EXERCISE DIRECTIONS:
Take the records below and copy them exactly.

MATERIAL FOR THE TASK:
◆ ◆ ◆ ◆
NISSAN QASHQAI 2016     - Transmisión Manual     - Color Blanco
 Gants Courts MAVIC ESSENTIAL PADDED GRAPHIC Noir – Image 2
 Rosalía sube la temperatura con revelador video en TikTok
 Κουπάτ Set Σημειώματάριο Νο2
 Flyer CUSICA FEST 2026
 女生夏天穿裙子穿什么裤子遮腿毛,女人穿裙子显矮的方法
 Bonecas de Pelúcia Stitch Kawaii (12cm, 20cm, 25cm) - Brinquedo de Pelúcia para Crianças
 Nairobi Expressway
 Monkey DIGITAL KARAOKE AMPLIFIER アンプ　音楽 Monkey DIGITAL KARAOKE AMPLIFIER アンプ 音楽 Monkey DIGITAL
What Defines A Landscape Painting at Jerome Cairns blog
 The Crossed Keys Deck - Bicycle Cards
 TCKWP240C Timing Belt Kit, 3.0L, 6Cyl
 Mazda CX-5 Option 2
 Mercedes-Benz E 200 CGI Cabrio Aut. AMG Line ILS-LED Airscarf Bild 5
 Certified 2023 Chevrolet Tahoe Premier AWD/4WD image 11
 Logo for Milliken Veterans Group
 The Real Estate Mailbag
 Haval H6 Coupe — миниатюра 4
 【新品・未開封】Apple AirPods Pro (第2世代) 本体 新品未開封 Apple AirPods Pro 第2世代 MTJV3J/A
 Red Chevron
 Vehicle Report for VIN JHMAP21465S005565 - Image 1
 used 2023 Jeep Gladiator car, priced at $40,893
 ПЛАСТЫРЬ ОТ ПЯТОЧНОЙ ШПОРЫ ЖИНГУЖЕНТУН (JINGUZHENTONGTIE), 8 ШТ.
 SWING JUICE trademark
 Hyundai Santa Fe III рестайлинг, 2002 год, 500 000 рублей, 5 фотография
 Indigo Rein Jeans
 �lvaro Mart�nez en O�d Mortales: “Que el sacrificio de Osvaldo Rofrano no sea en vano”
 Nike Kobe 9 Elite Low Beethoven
◆ ◆ ◆ ◆
ANSWER:
NISSAN QASHQAI 2016     - Transmisión Manual     - Color Blanco
 Gants Courts MAVIC ESSENTIAL PADDED GRAPHIC Noir – Image 2
 Rosalía sube la temperatura con revelador video en TikTok
 Κουπάτ Set Σημειώματάριο Νο2
 Flyer CUSICA FEST 2026
 女生夏天穿裙子穿什么裤子遮腿毛,女人穿裙子显矮的方法
 Bonecas de Pelúcia Stitch Kawaii (12cm, 20cm, 25cm) - Brinquedo de Pelúcia para Crianças
 Nairobi Expressway
 Monkey DIGITAL KARAOKE AMPLIFIER アンプ　音楽 Monkey DIGITAL KARAOKE AMPLIFIER アンプ 音楽 Monkey DIGITAL
What Defines A Landscape Painting at Jerome Cairns blog
 The Crossed Keys Deck - Bicycle Cards
 TCKWP240C Timing Belt Kit, 3.0L, 6Cyl
 Mazda CX-5 Option 2
 Mercedes-Benz E 200 CGI Cabrio Aut. AMG Line ILS-LED Airscarf Bild 5
 Certified 2023 Chevrolet Tahoe Premier AWD/4WD image 11
 Logo for Milliken Veterans Group
 The Real Estate Mailbag
 Haval H6 Coupe — миниатюра 4
 【新品・未開封】Apple AirPods Pro (第2世代) 本体 新品未開封 Apple AirPods Pro 第2世代 MTJV3J/A
 Red Chevron
 Vehicle Report for VIN JHMAP21465S005565 - Image 1
 used 2023 Jeep Gladiator car, priced at $40,893
 ПЛАСТЫРЬ ОТ ПЯТОЧНОЙ ШПОРЫ ЖИНГУЖЕНТУН (JINGUZHENTONGTIE), 8 ШТ.
 SWING JUICE trademark
 Hyundai Santa Fe III рестайлинг, 2002 год, 500 000 рублей, 5 фотография
 Indigo Rein Jeans
 �lvaro Mart�nez en O�d Mortales: “Que el sacrificio de Osvaldo Rofrano no sea en vano”
 Nike Kobe 9 Elite Low Beethoven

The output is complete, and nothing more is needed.